## Source data
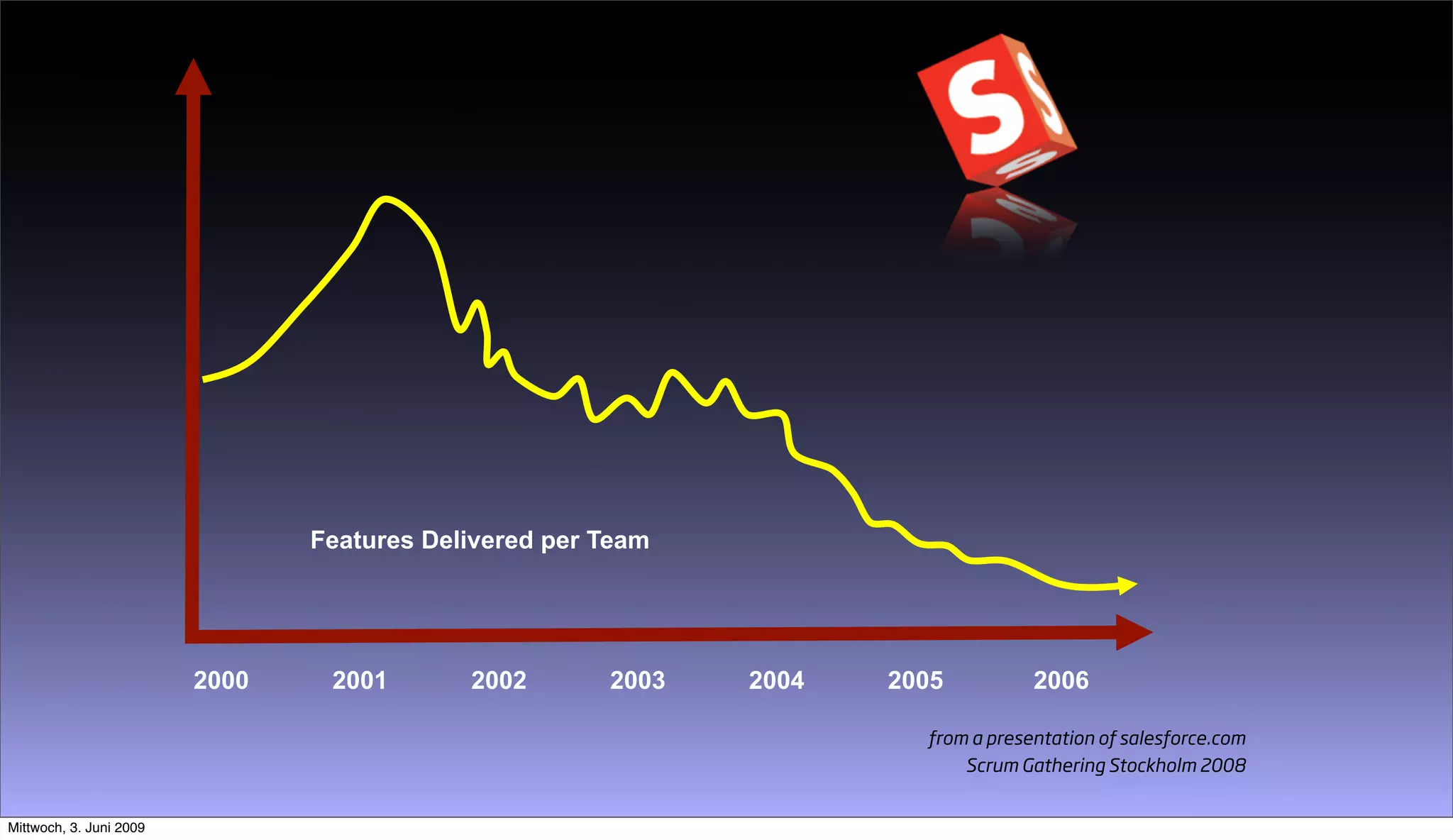 Going Large Staying Small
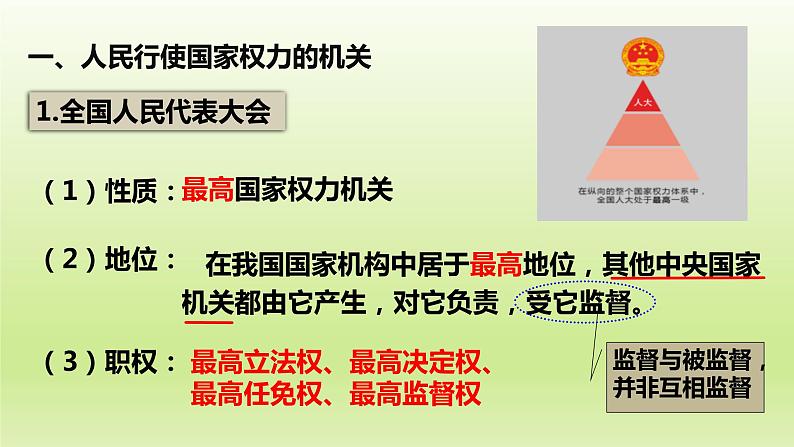 2021-2022学年部编人教版道德与法治八年级下册:6.1国家权力机关 课件(共21张PPT)第8页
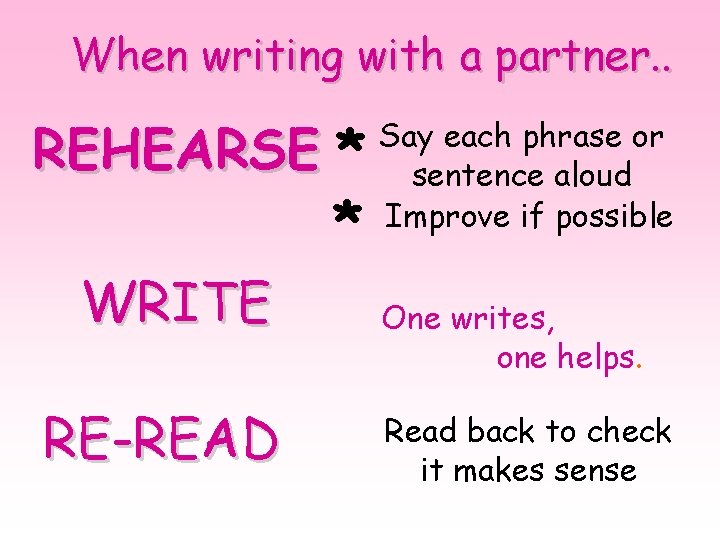 When writing with a partner. . REHEARSE * WRITE RE-READ * Say each phrase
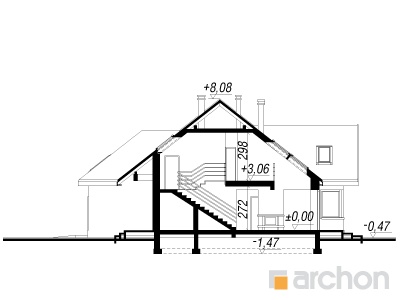 Maja humalates lõige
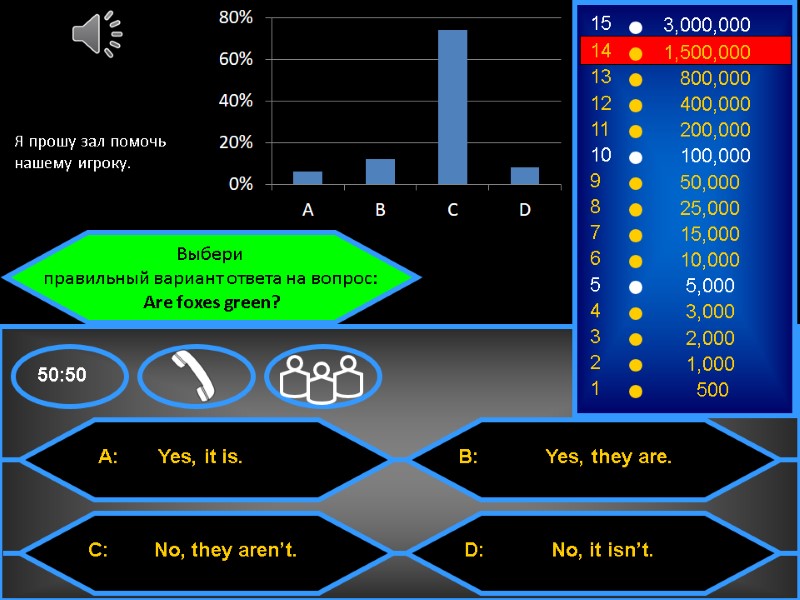 Выбери  правильный вариант ответа на вопрос:  Are foxes green?  Я прошу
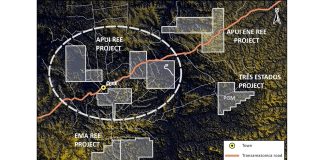 critical mineral deposits, ree projects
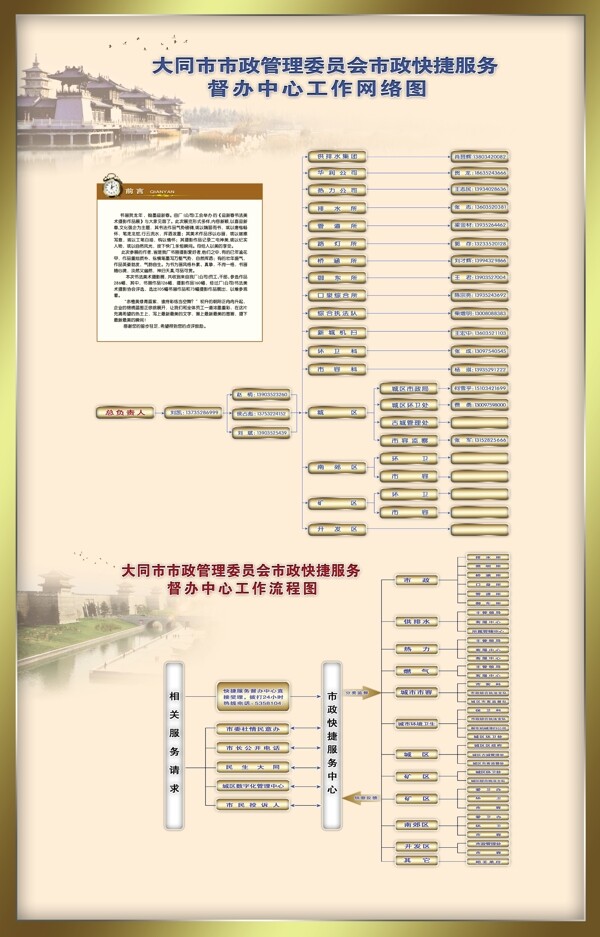 企业流程图展板图片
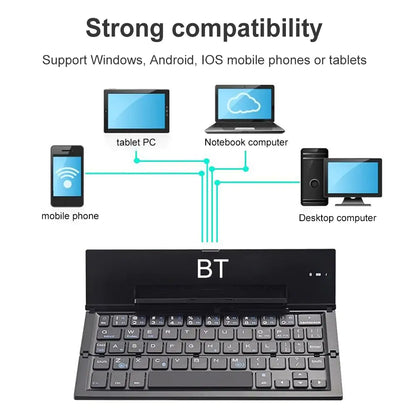 LOLO'S SHOP - Smart Electronics Keyboard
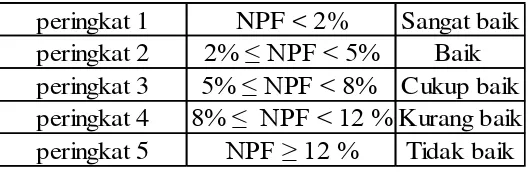 Table 2.2 Kriteria Penilaian Peringkat NPF  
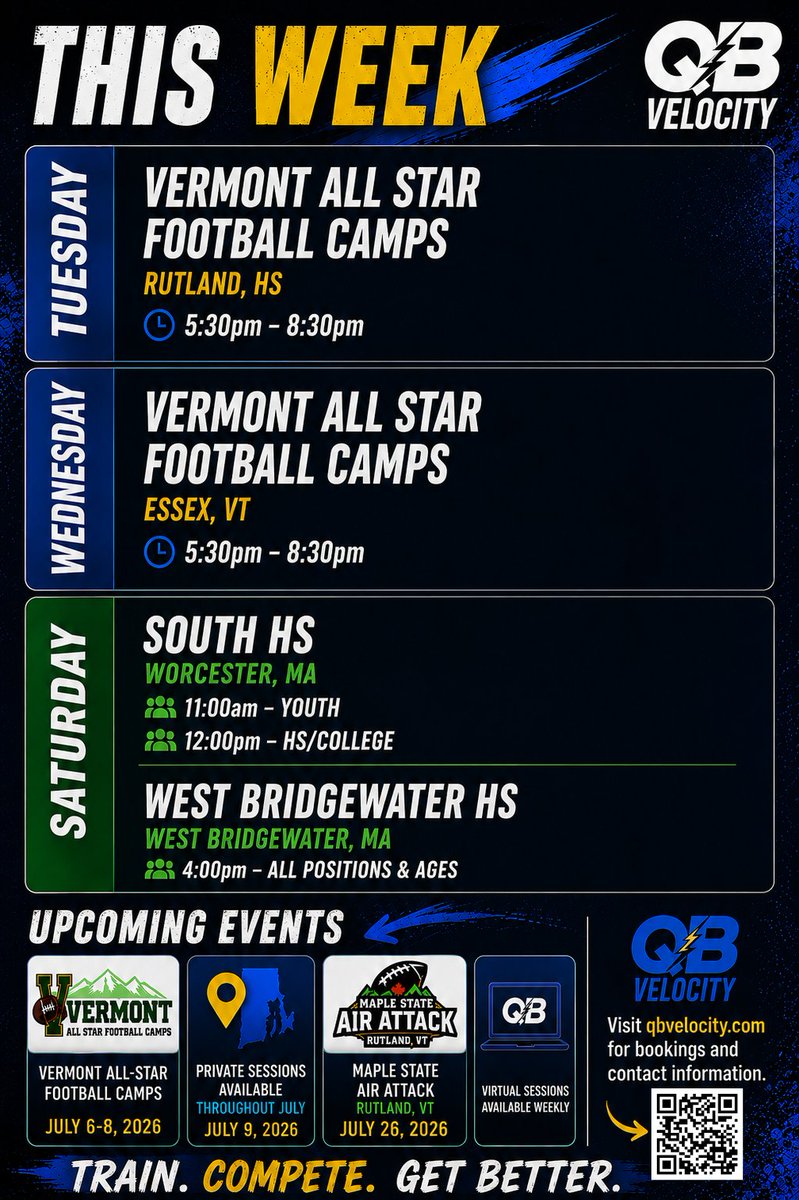 QB Velocity tweet media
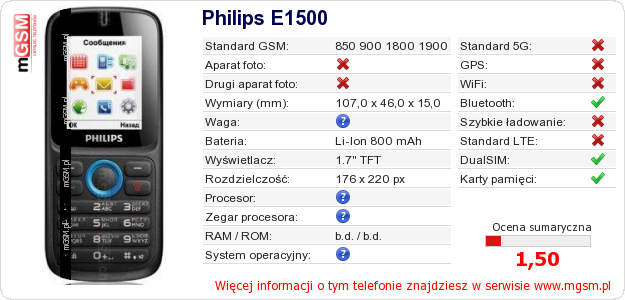 Dane telefonu Philips E1500 Dane telefonu Philips E1500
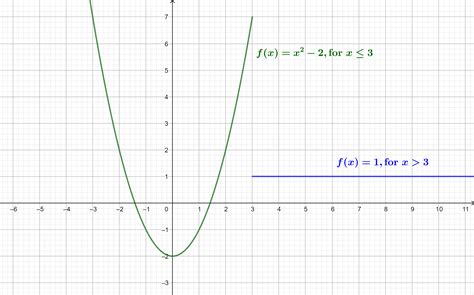 Graph The Following Function F X Begin{cases}x 2 Quizlet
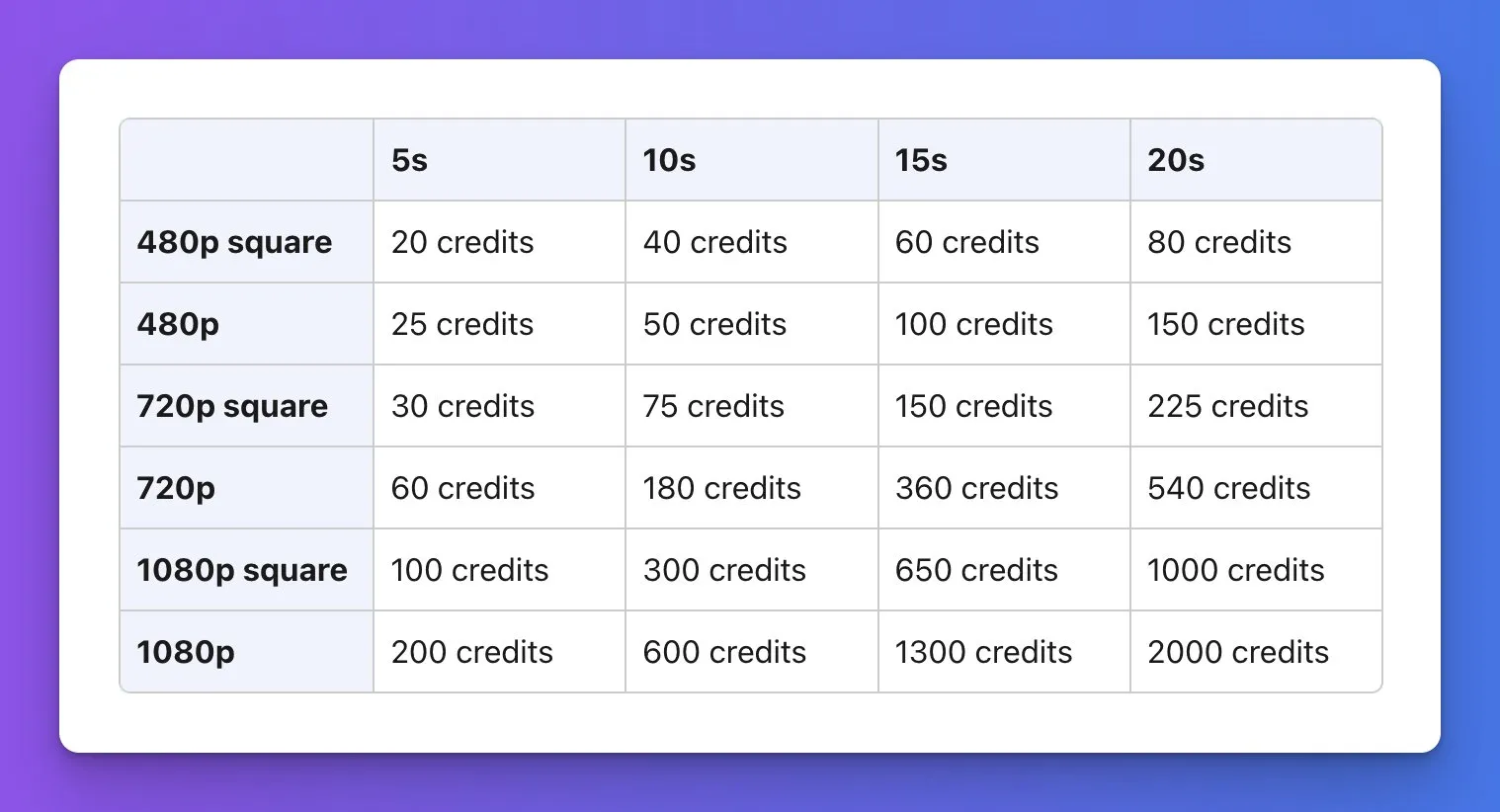 Вартість створення відео за допомогою Sora Вартість створення відео за допомогою Sora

## Goal of the exercise
The entries are to be reproduced exactly, excluding any pictures they contain.

## Result
 Going Large Staying Small
 2021-2022学年部编人教版道德与法治八年级下册:6.1国家权力机关 课件(共21张PPT)第8页
 When writing with a partner. . REHEARSE * WRITE RE-READ * Say each phrase
 Maja humalates lõige
 Выбери  правильный вариант ответа на вопрос:  Are foxes green?  Я прошу
 critical mineral deposits, ree projects
 企业流程图展板图片
 LOLO'S SHOP - Smart Electronics Keyboard
 Table 2.2 Kriteria Penilaian Peringkat NPF  
 QB Velocity tweet media
 Dane telefonu Philips E1500 Dane telefonu Philips E1500
 Graph The Following Function F X Begin{cases}x 2 Quizlet
 Вартість створення відео за допомогою Sora Вартість створення відео за допомогою Sora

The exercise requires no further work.